Pero el petróleo que se extrae de ellas es distintivo en varios aspectos. La textura única de las arenas bituminosas implica que su refinación requiere más dinero y energía que la del crudo tradicional. Además, su petróleo es uno de los que más carbono genera en el mundo, con emisiones hasta un 20 % superiores, lo que ha llamado la atención de los defensores del clima. Debido a estos factores, como explica Geoff Dembicki en su nuevo libro The Petroleum Papers: Inside the Far-Right Conspiracy to Cover Up Climate Change (Greystone Books, 20 de septiembre), los productores y refinadores de arenas bituminosas, como Imperial Oil o Koch Industries , son particularmente vulnerables a cualquier esfuerzo por mitigar el cambio climático que incremente los ya elevados costos de extracción y refinación del betún.
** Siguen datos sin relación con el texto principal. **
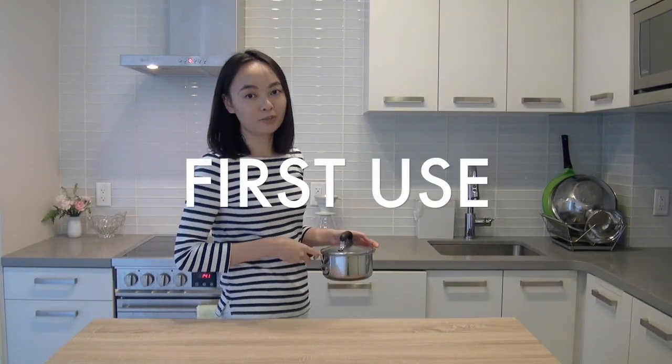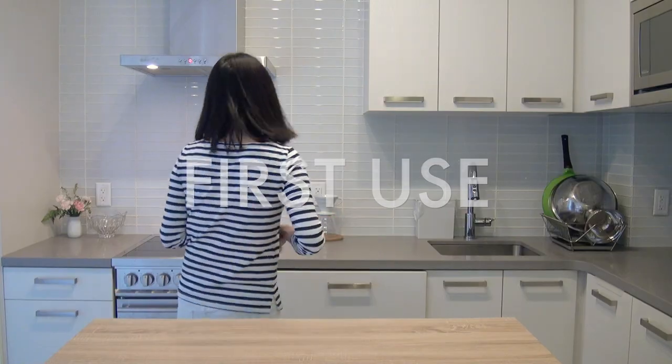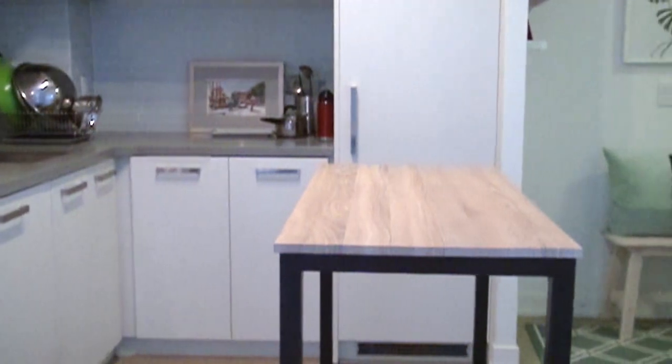The first one is pretty obvious — I use it as a kitchen counter. As you can see, this table is the same height as my counter, and having this extra counter space can be the difference maker between cooking by yourself and cooking with someone else.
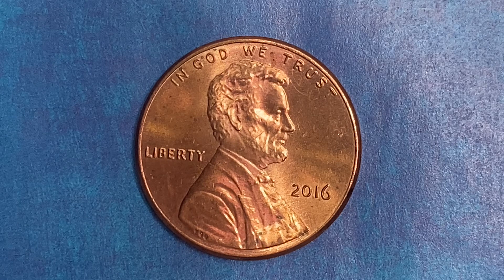The diameter is 19 millimeters and this coin's weight is 2.5 grams. The face value is one cent. However, this coin is currently worth 34 cents for one found in brilliant uncirculated Mint State 65 condition.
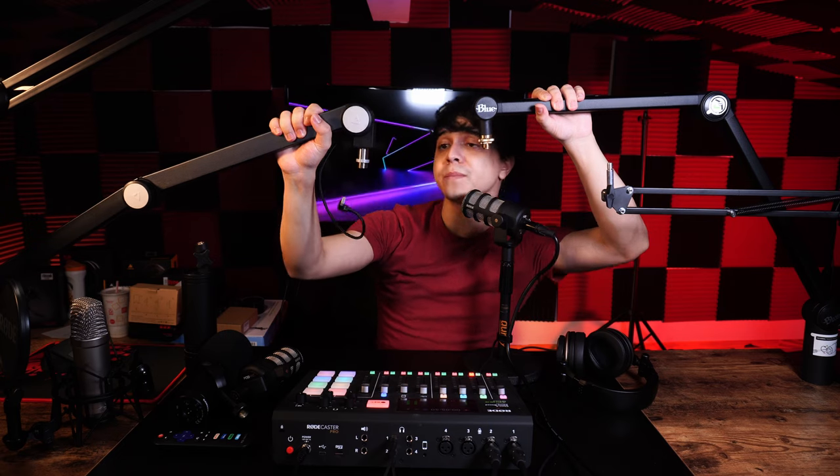Moving on to the more expensive options — the Thronmax arm is a pretty high quality arm and it even has a braided USB-C cable running through it, making it particularly good for USB microphones. It also comes with a couple of adapters in the box. The Blue arm is also quite well-made, though the Thronmax is mostly metal while the Blue arm, despite having metal components, does feel a bit more plastic and not quite as solid.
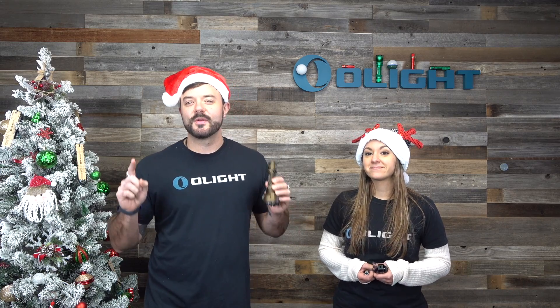Welcome to another video in our Christmas Sale 2020 series. In this one we're going to be talking about the 1,000 meter beam distance Warrior X Turbo, finally in Desert Tan. These are not only awesome because they're finally in Desert Tan for the very first time, but also during our Christmas sale we have amazing up to 40% off bundles, including the solid titanium I3T and an awesome mounting package for a rifle.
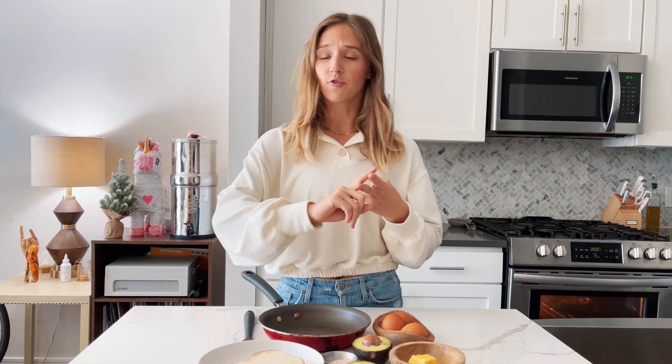Our next step, once we prep that avocado, we are going to crack your eggs into a bowl. However many you want to do is up to you — I think two will be good for one piece of toast. Crack your eggs, add a pinch of salt, and then we whisk.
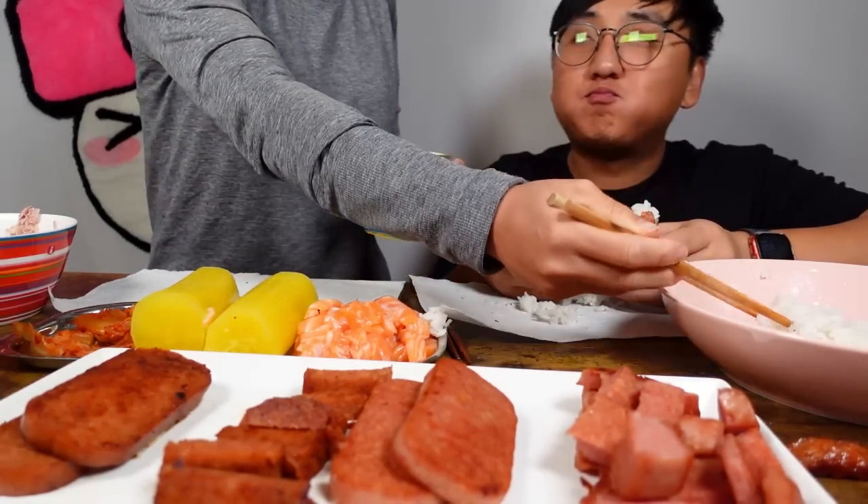So you don't need spam musubi making gadgets. No. All the professionals use the cans.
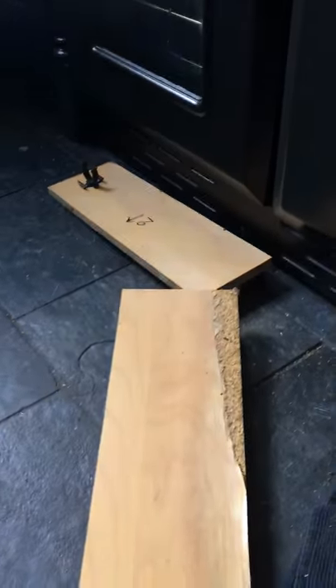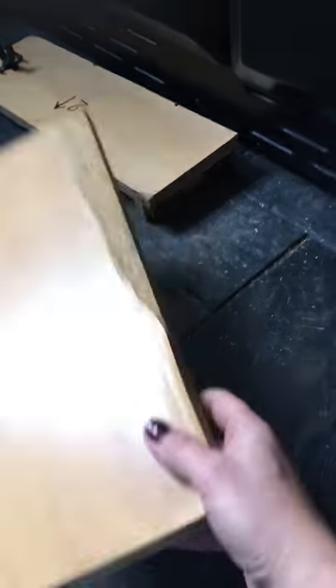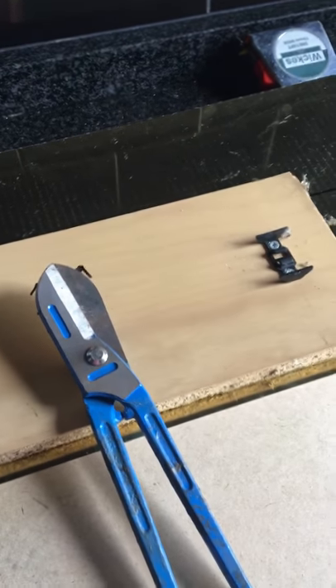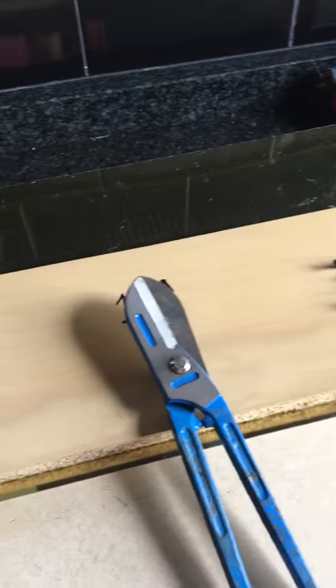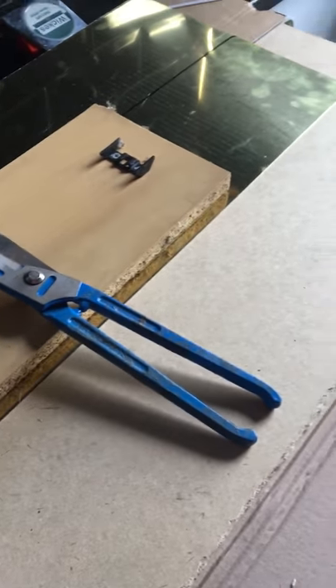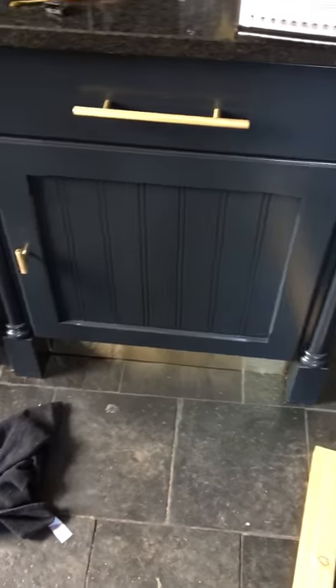All I've done is take one of the kickboards and put it face down on some sheet brass that I bought from eBay, draw around it, cut it with tin snips, cut it out, use adhesive to stick it on, and hey presto — back on the kitchen. I'll update you once it's all done and I've cleaned my messy floor up again.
El libro de Dembicki revela por primera vez cómo estos actores de la industria se beneficiaron de las arenas bituminosas de Canadá y luego transformaron esas ganancias en redes internacionales de negacionismo climático que contribuirían a prolongar la vida útil de dichas arenas. «El betún de Alberta financió el ataque a la verdad liderado por empresas como Koch Industries y Exxon», escribe. Dembicki se basó en gran medida en los Archivos de Imperial Oil que publicamos en 2019, recurriendo a documentos internos de la compañía que demostraban no solo que Imperial Oil conocía el cambio climático a finales de la década de 1970, sino también que estudiaba soluciones climáticas para intentar frenarlas. Como explica en el libro, «Canadá podía frenar el cambio climático o explotar una de las mayores reservas de petróleo del mundo, pero no podía hacer ambas cosas». Eligió las arenas bituminosas.
Esos esfuerzos, impulsados por las arenas petrolíferas, para difundir la negación del cambio climático y retrasar la acción no son cosa del pasado. Como demuestra Dembicki, «la maquinaria de negacionismo de la crisis climática de las grandes petroleras» sigue influyendo en la política estadounidense y canadiense incluso hoy.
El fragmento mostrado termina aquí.